II-VI semiconductors is a large family of materials that includes wide gap ZnO and ZnS, that we study under the form of nano-objects and complex nanostructures owing to their very high light emission properties, allowing to foresee the realisation of white LED for domestic lighting.

  • Power electronics
The high breakdown fields and the good heat conductivity of diamond makes it a material of choice for the fabrication of components for power electronics. In this regard, we aim at developping n-type doping in diamond.

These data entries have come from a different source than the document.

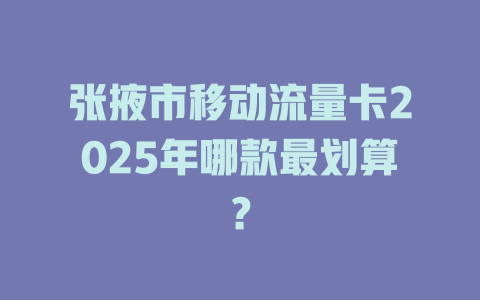 张掖市移动流量卡2025年哪款最划算？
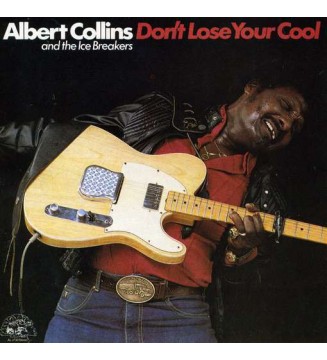 Albert Collins And The Ice Breakers* - Don't Lose Your Cool (LP, Album) mesvinyles.fr
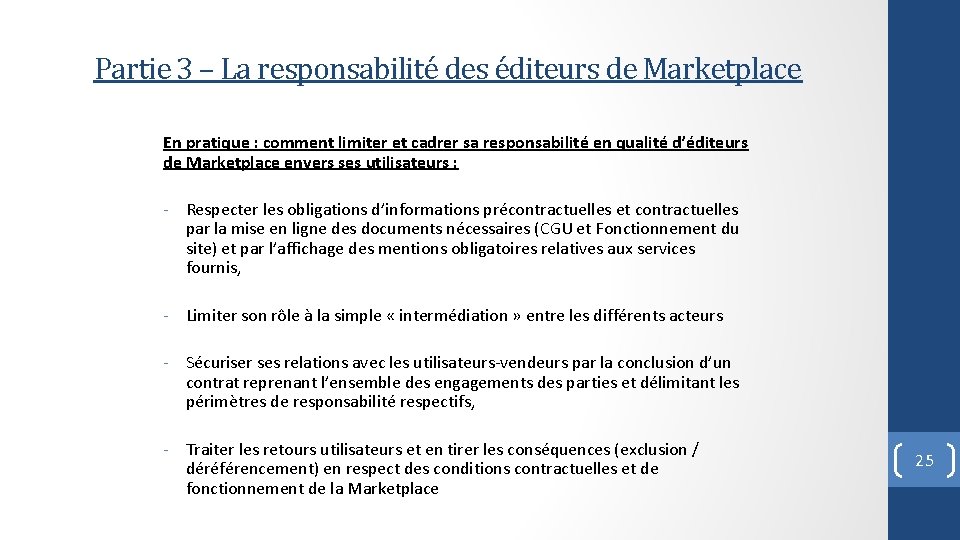 Partie 3 – La responsabilité des éditeurs de Marketplace En pratique : comment limiter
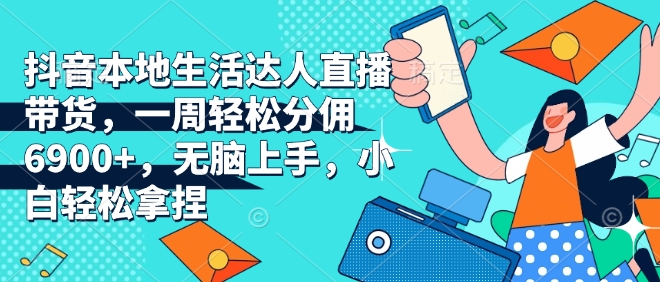 抖音本地生活领域达人直播带货秘籍：7天快速赚取6900+佣金，简单易学，新手也能轻松掌握-北漠网络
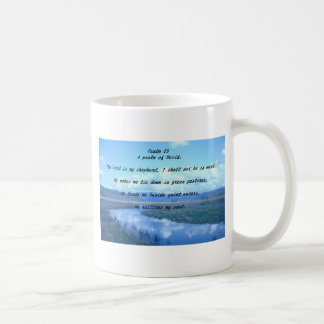 Psalm 23 A psalm of David.T Coffee Mug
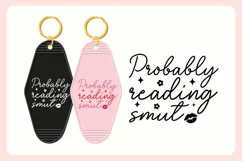 Spicy Book Lover Motel Keychain SVG - Probably Reading Smut Product Image 3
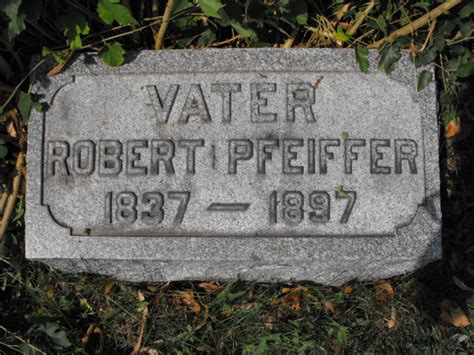 Robert Wilhelm Pfeiffer 1837 1897 Find A Grave Memorial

Another very promising, large wafer size available, ultra-wide bandgap material for high power applications is Ga2O3. We are fabricating and studying electronic properties of n- and p-type Ga2O3 epi-wafers for its integration in vertical, bi-polar device structures. 

Our collaborations

Our laboratory benefits from a large network:
- firstly, local collaborations: there are many links between the various teams in GEMaC, leading to inter-team projects. Within UVSQ, GEMaC collaborates with ILV (institute Lavoisier Versailles)
- regional collaborations: we develop numerous collaboration with laboratories of Paris-Saclay university as well as other regional laboratories. For instance, we are leading the flagship AXION (labex NanoSaclay), that links together eight research teams.
- national collaborations: we collaborate with laboratories from various communities (semiconductor, magnetism, optics...)
- Finally, our laboratory also develops international collaborations. For instance, we are involved in the international associated laboratory IM-LED France-Japan, started in 2017. We also joined the European Graphene flagship in 2018.